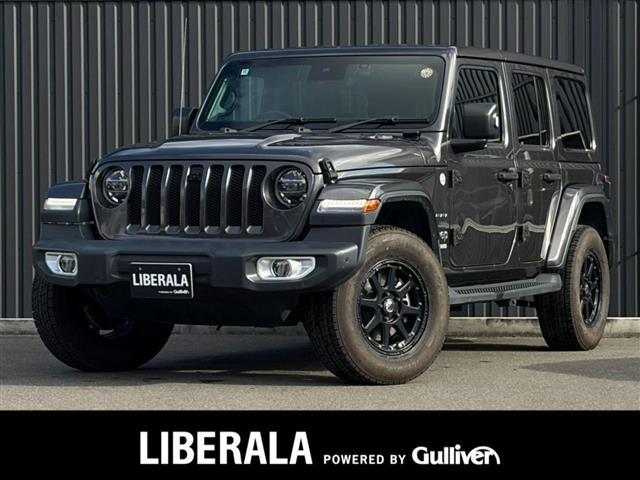 ͵ס󥰥顼 ס󥰥顼١ס󥰥顼ΤȤʤ餪ޤ 1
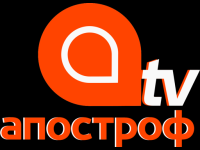 Apostrophe TV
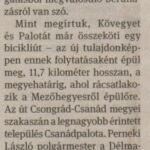 kszr_dm_20221227_p4_kovegy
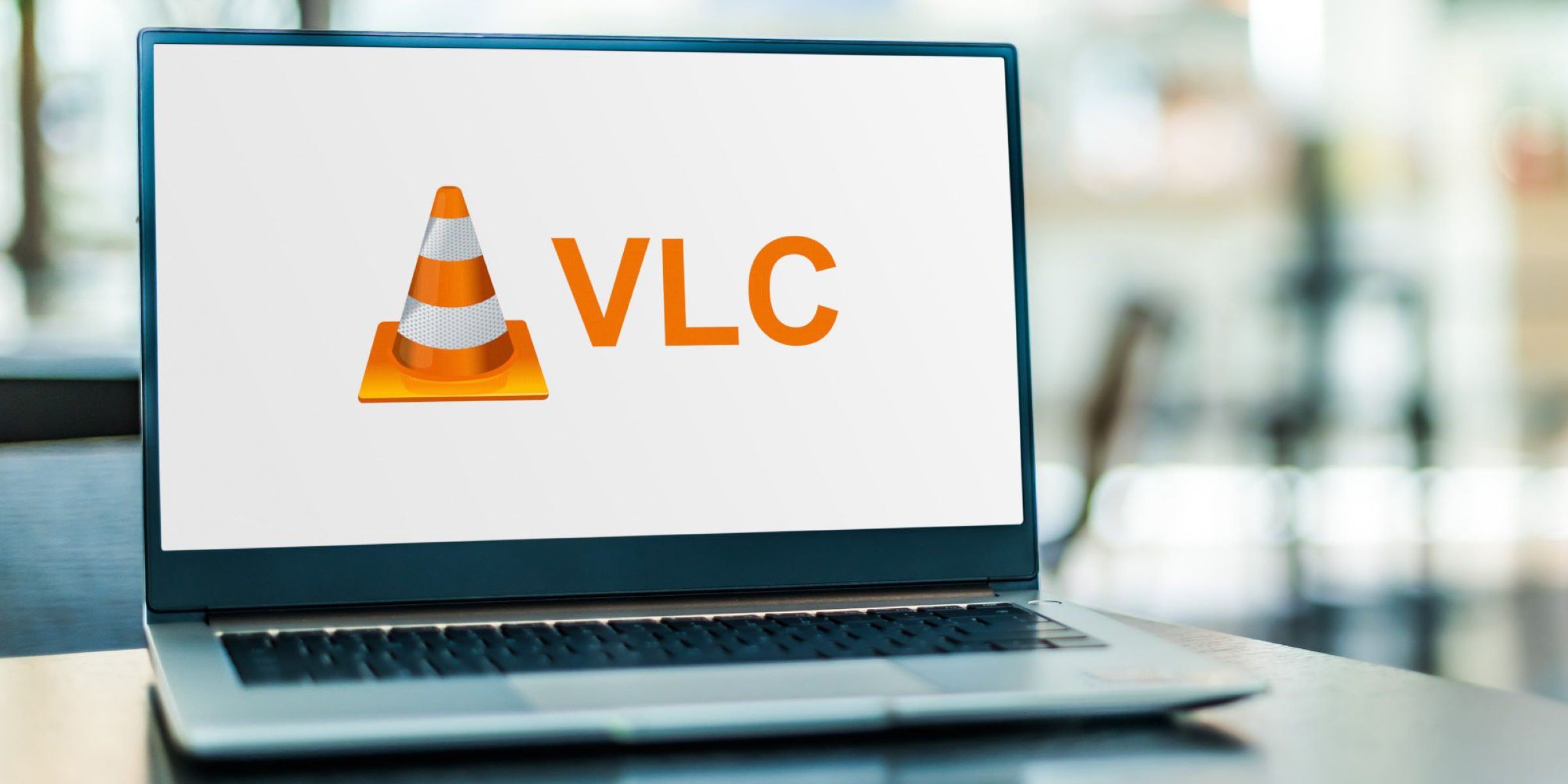 How Do I Reduce Background Music In Vlc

-.-.-

TO DO:
Make an exact copy of the lines from the one holding "Apostrophe TV" through the end of the material, both ends included, and keep the pictures out of it.

ANSWER TO THE PROBLEM:
 Apostrophe TV
 kszr_dm_20221227_p4_kovegy
 How Do I Reduce Background Music In Vlc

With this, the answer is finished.